Segundo técnicos do IBGE, o levantamento que agora identifica as populações rurais e urbanas ilustra, pela primeira vez, uma população histórica e majoritariamente rural, mas que já vê grande presença (38%) nas cidades.
“Os quilombolas, quando nós iniciamos o Censo, eles já sinalizavam para a gente que, por diversos motivos, eles precisavam estar em contexto urbano”, afirmou o gerente de Territórios Tradicionais e Áreas Protegidas do IBGE, Fernando Damasco, durante a apresentação dos dados. “Ou eles foram submetidos ao contexto urbano porque a cidade acabou engolindo as suas comunidades. Então, era uma perspectiva nossa de que haveria, sim, uma distribuição urbana e rural dessa população totalmente diferente da população brasileira, mas nós não sabíamos a dimensão dessa distribuição.” Dessa forma, a priorização de políticas públicas, segundo Damasco, precisa considerar essas diferenças.
No recorte por regiões, o Centro-Oeste é a única porção do país com mais população quilombola em situação urbana (68%). Na outra ponta está o Nordeste, região que concentra a maior parte de quilombolas no país, com 65% residindo em situação rural.
Entre as unidades da federação, o Distrito Federal tem a maior proporção de quilombolas vivendo em situação urbana (95%), com 296 pessoas, e apenas nove no campo. Na outra ponta está o Piauí, com 88% no campo (27.930 habitantes).
O recorte de situação dos domicílios também mostra diferenças na razão de sexo, calculada pela quantidade de homens para cada 100 mulheres. Enquanto a população geral de quilombolas em 2022 no país indicava razão de sexo de 100,8 no total, esse índice cai a 92,6 no caso da população urbana. Já na população rural, sobe para 105,02. As maiores razões estão entre as populações dentro dos territórios, tanto no meio urbano (97,2) quanto no rural (107,21). Na população total residente, o indicador é de 94,25, sendo 91,97 em situação urbana e 111,65 entre população rural.

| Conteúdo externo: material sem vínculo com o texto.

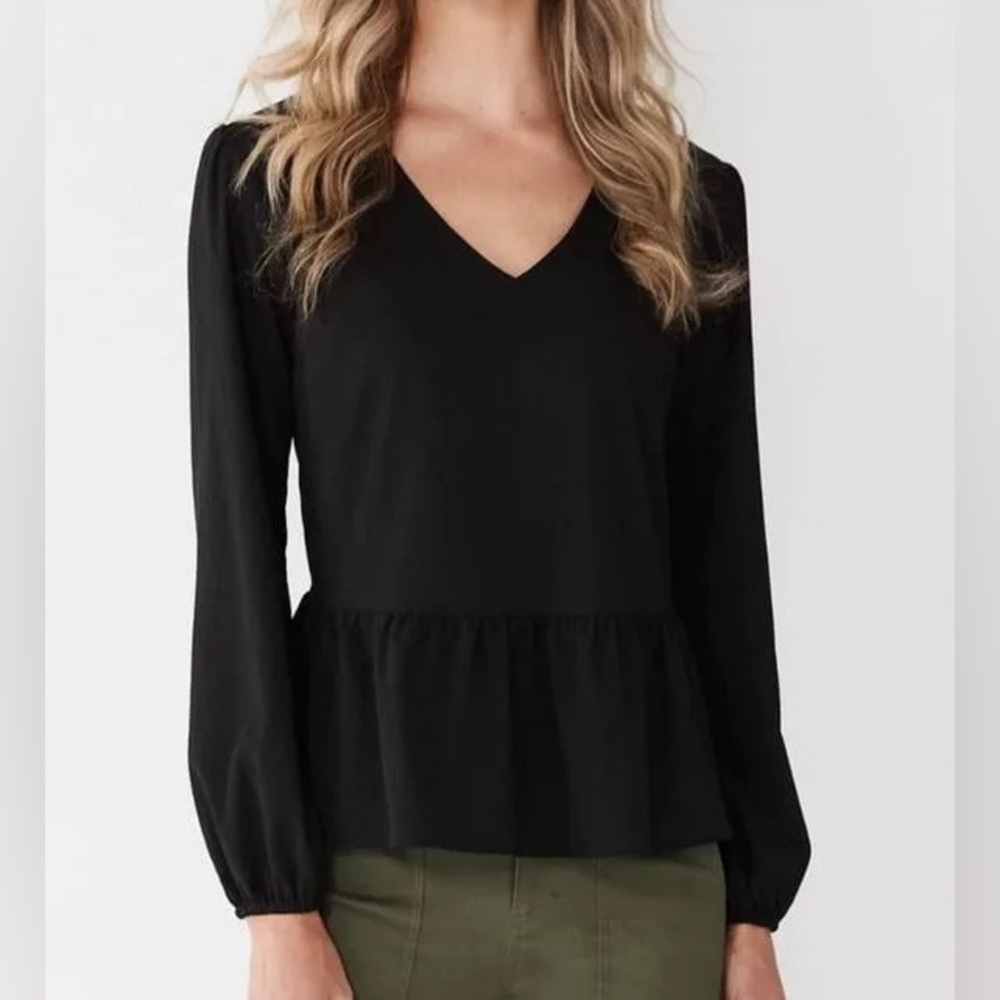 Black V-Neck Long Sleeve Women's Top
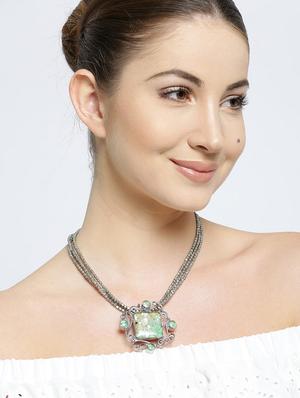 green metal long necklace - 17397197 - Standard Image - 3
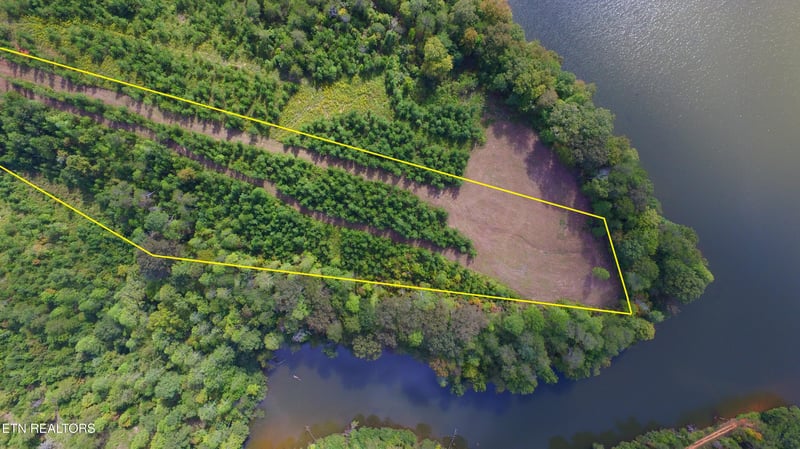 692 Overlook Dr, Vonore, TN 37885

No campo, a população quilombola é mais jovem. Já na situação urbana, é mais envelhecida e tem maior peso com a presença de mulheres na faixa de 20 a 79 anos.
O levantamento reforça a hipótese, segundo os técnicos, de uma migração do meio rural para o urbano em busca de melhores condições de trabalho. Esse ponto ocorre entre homens, mas numa faixa mais restrita, entre 35 e 54 anos.